Lufthansa officially stated it did not want to comment on rumours and speculation, however the company also did not deny the story. Company officials tell Aviation Week they have received signals that Franz might in fact be leaving soon.
The departure of its CEO would be a huge blow for the airline. Franz has been the mastermind behind the restructuring and renovation of Europe’s largest airline group. He took the helm in January 2011 after having run the group’s passenger airline business and subsidiary Swiss. At Lufthansa, Franz launched the €1.5 billion restructuring program Score that, most importantly, saw the transfer of European direct services to low-fare affiliate Germanwings.
Franz has also been behind numerous changes in middle management, bringing in outside expertise and hiring a larger share of women for leadership positions. During his tenure three new members joined the executive board – Simone Menne (CFO), Bettina Volkens (head of human ressources) and Harry Hohmeister (head of affiliated airlines) – and two left.
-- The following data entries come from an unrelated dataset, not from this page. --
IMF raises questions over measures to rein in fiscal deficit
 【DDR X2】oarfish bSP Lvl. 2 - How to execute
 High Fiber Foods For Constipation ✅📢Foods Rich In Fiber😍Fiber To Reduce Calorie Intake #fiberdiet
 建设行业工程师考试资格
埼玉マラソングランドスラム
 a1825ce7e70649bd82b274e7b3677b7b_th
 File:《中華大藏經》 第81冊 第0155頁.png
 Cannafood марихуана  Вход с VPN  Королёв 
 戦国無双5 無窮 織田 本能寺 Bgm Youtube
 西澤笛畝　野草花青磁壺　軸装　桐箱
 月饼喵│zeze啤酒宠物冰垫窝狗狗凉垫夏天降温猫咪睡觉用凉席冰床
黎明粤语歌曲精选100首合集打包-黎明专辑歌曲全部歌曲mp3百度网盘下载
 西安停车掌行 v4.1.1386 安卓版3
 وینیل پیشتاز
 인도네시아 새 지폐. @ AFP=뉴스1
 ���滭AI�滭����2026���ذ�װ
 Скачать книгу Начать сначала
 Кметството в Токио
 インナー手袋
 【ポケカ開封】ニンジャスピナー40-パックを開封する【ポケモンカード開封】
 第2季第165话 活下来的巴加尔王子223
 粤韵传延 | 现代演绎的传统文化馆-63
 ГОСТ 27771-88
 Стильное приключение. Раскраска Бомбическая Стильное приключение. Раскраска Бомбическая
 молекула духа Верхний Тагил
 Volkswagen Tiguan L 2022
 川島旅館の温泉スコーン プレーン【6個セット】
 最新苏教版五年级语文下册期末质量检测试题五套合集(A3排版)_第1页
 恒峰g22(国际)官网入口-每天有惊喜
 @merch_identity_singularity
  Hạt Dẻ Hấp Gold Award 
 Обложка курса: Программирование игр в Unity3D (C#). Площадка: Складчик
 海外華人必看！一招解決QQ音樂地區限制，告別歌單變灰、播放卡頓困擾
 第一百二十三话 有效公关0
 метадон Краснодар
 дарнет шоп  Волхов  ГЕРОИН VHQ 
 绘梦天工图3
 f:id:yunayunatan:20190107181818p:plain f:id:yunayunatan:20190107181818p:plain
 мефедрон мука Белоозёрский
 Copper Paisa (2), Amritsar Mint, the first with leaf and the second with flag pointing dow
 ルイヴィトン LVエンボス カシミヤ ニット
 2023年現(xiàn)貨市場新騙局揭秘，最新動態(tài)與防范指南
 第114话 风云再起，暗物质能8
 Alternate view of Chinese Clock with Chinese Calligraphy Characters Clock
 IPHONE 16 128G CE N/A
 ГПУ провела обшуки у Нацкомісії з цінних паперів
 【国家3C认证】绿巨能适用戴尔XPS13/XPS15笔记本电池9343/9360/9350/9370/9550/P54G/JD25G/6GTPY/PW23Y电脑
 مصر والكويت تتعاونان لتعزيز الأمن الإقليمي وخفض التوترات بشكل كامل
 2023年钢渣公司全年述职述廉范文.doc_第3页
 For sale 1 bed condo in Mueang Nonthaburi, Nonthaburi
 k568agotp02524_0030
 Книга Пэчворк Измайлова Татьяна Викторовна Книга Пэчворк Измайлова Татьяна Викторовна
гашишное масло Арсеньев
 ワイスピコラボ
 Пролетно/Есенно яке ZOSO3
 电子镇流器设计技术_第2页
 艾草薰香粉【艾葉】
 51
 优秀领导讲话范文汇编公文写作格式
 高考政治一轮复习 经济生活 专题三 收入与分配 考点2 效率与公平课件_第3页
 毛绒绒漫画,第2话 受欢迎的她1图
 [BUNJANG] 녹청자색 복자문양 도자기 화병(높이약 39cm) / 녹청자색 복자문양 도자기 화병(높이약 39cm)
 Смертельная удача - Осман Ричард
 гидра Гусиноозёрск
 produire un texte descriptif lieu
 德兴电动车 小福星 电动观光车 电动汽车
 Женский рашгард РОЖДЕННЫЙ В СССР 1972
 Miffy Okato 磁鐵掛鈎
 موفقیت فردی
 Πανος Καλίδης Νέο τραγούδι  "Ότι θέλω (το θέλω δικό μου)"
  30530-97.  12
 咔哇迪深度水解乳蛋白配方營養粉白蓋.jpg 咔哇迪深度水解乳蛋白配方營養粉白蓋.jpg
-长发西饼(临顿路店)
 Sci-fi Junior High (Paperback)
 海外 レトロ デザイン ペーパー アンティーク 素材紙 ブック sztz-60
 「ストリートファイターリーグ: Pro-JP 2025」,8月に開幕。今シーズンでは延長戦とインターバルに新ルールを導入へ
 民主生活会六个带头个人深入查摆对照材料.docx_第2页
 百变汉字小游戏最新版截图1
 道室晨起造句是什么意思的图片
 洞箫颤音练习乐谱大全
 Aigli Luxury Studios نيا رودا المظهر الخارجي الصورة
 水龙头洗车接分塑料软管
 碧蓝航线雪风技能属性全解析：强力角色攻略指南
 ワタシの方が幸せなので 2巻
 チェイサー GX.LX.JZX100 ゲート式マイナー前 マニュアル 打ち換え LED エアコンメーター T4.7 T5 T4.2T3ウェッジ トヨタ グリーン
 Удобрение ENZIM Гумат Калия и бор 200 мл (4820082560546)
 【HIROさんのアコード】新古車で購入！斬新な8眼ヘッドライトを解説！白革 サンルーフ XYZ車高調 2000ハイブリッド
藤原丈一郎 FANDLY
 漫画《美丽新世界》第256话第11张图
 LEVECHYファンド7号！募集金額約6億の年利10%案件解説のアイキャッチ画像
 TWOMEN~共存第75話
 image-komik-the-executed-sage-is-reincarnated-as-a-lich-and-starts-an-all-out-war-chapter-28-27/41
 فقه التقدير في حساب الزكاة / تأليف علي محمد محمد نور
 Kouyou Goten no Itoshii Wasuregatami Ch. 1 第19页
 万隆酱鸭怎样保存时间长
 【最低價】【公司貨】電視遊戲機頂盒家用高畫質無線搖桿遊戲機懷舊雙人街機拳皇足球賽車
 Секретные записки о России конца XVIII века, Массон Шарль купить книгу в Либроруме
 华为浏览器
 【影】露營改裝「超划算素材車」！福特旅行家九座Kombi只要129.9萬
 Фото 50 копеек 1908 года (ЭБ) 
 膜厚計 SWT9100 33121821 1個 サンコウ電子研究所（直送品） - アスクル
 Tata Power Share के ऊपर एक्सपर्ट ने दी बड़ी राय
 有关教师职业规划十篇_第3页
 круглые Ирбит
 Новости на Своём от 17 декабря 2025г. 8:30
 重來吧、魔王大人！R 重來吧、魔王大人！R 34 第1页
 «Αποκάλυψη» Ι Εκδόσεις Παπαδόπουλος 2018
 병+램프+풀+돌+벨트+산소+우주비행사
At Roche, Franz would replace Franz Humer as Executive Chairman, most likely in the spring of 2014. The Lufthansa CEO still lives in Zurich, Switzerland with his family and his five children go to school there.
In addition to reasons in his private life, other factors could contribute to the move: Franz has faced massive opposition to the changes he initiated. He has been dealing with lukewarm support in management and serious labor unrest. Earlier this month, Lufthansa terminated the collective bargaining agreements covering pensions and transitionary pay for pilots causing another bitter dispute that could well lead to further strikes soon.
If Franz leaves, Carsten Spohr (47) is seen as the most likely successor. Spohr currently runs Lufthansa’s passenger airline business and has publicly supported the CEO’s tough restructuring course. However, it remains to be seen whether Spohr will keep up the process of bringing in outsiders to the current extent. Spohr started at Lufthansa as a first officer before starting a steep career in management.
Another candidate could be Harry Hohmeister (49), who is CEO of Swiss International Air Lines. He joined the group executive board in July, overseeing Austrian and Brussels Airlines while continuing to run Swiss.
Lufthansa’s board of directors is scheduled to meet on Wednesday. The body is expected to approve a major order for more than 50 wide-body aircraft including what could be the first firm commitment for the Boeing 777-9X and a large buy of the A350-900. But the board will now also have to deal with the future of the airline’s CEO.